On December 4, CBS host John Dickerson interviewed Reince Priebus, who Trump has tapped for White House chief of staff, on Face the Nation and addressed Trump’s claims that he would have won the popular vote if not for mass voter fraud:

While Dickerson did tell Priebus that “there is no evidence” that millions voted illegally, he made a series of missteps. First, he allowed Priebus to cite a Wall Street Journal op-ed that recycled discredited evidence, failing to note that the evidence was flawed and misleading. Second, while Dickerson asked if Trump needs to “tighten up his standards of proof,” he allowed Priebus to redirect the conversation away from Trump’s lies to a discussion of Trump’s penchant for tweeting in general. Finally, Dickerson never mentioned any of the numerous studies that show that claims of widespread voter fraud are false.

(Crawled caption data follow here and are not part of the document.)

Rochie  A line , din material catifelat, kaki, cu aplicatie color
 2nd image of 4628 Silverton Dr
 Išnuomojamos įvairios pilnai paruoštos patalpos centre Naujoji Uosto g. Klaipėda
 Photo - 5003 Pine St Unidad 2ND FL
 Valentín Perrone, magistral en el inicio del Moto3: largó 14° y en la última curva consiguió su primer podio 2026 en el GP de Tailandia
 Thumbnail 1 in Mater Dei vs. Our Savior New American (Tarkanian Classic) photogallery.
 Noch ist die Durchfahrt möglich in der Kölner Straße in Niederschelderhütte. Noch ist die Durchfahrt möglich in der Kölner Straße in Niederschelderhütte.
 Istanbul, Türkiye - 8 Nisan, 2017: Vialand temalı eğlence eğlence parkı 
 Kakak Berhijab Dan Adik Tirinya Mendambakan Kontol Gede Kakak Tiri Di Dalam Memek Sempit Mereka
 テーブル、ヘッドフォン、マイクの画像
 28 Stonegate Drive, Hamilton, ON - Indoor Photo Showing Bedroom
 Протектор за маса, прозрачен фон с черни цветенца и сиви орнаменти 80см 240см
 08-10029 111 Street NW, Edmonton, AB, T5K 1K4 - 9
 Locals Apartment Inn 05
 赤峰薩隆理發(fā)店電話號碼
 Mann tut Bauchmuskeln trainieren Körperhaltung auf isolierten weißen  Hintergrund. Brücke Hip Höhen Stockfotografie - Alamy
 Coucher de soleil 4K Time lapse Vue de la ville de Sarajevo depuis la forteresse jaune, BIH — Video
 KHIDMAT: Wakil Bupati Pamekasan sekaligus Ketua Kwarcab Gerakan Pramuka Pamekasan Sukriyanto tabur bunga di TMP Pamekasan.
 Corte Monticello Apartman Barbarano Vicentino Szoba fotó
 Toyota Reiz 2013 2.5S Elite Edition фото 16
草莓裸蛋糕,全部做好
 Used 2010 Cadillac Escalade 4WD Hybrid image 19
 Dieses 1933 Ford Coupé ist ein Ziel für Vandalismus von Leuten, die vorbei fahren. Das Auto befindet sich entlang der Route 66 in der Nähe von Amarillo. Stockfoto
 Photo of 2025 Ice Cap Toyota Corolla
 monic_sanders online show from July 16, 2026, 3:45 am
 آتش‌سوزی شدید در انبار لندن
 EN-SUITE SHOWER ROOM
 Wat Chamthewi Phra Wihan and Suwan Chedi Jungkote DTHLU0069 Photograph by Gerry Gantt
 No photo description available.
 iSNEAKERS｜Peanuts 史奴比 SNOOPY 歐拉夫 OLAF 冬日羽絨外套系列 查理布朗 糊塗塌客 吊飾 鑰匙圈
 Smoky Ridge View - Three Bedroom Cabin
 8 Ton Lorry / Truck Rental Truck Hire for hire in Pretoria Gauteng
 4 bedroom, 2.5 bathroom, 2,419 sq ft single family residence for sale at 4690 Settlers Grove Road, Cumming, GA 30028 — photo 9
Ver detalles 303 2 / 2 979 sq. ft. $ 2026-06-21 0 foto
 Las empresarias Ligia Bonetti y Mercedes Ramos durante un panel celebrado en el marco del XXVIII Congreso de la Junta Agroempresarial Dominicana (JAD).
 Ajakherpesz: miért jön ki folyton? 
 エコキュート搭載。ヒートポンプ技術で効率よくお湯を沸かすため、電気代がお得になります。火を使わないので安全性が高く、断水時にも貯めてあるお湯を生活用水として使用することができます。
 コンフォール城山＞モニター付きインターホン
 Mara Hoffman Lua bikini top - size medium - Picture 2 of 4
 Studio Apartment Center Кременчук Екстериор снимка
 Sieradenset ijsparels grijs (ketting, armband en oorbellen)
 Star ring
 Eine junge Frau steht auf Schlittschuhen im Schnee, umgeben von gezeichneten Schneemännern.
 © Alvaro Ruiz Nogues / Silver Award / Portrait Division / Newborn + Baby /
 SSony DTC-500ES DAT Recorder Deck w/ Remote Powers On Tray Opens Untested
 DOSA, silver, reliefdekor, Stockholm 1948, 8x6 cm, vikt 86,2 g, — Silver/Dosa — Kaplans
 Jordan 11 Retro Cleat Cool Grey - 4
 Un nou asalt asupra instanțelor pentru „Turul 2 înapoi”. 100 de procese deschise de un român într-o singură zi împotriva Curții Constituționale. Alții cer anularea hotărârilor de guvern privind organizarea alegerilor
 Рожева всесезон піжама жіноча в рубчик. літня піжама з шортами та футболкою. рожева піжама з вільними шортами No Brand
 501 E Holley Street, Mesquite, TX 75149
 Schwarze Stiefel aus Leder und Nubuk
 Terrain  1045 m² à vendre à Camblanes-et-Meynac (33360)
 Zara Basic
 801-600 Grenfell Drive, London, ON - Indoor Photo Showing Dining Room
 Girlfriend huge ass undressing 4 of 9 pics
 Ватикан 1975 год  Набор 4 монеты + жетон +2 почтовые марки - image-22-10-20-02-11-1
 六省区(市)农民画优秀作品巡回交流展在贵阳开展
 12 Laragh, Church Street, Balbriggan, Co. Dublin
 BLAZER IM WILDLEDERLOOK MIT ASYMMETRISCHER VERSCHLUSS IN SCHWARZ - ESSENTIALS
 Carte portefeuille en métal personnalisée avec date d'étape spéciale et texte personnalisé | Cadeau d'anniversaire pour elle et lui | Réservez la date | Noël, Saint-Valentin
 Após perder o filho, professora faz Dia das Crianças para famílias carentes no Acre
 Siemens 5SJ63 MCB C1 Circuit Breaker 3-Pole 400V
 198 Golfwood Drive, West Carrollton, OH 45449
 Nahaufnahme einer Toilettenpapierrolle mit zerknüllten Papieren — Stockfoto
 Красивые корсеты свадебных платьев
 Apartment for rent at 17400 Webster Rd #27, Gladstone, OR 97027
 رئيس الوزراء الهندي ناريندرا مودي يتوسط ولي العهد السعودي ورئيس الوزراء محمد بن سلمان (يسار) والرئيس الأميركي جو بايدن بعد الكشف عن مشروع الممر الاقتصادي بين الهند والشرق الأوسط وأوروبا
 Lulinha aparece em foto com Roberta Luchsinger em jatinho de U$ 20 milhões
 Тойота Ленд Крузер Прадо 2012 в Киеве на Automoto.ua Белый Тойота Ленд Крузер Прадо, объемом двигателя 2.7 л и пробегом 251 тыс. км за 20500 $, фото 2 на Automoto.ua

CBS compounded the problem by issuing a tweet that merely read “Reince Priebus: ‘It’s possible’ millions voted illegally.” Several media outlets have recently botched their headlines and tweets when reporting on false statements made by Trump, omitting context that would illustrate the inaccuracies.

CBS later deleted the tweet, replacing it with this one:

The second CBS tweet still drew criticism from media observers for its failure to note that Trump’s claim is false.

ABC’s George Stephanopoulos interviewed Vice President-elect Mike Pence on This Week and also raised the question of Trump’s voter fraud tweets:

Stephanopoulos did repeatedly press Pence to offer evidence for Trump’s claim and consistently pointed out that these claims of voter fraud are false, but he failed to provide counter-evidence to effectively establish that Trump was wrong. Stephanopoulos pushed back on Pence when he cited a Pew Research Center study as evidence that Trump’s voter fraud claims could be true, noting that the authors of the study said “it is not any evidence about what happened in this election.” This pushback, however, was insufficient to properly contextualize for the audience why this evidence is flawed, leaving it up to them to figure out which Pew study is being cited and why it doesn’t apply. Stephanopoulos also neglected to cite studies that provide persuasive proof that claims of voter fraud are grossly exaggerated and largely inaccurate.

Given the total lack of proof for the right-wing’s voter fraud claims, journalists must be prepared to more thoroughly press Trump surrogates if he continues to lie. And more generally, journalists must be armed with the facts and data they need to hold surrogates accountable on the variety of issues about which President-elect Trump lies. In what has been dubbed a “post-truth” presidency, it will no longer be sufficient to merely say “that’s false.” Journalists must call out instances of cherry-picked data or flawed sources and counteract the misuse of data. Journalists can and must harness the power of fact-checking by using studies and data to relentlessly press Trump and his surrogates in order to convey the truth to the American public.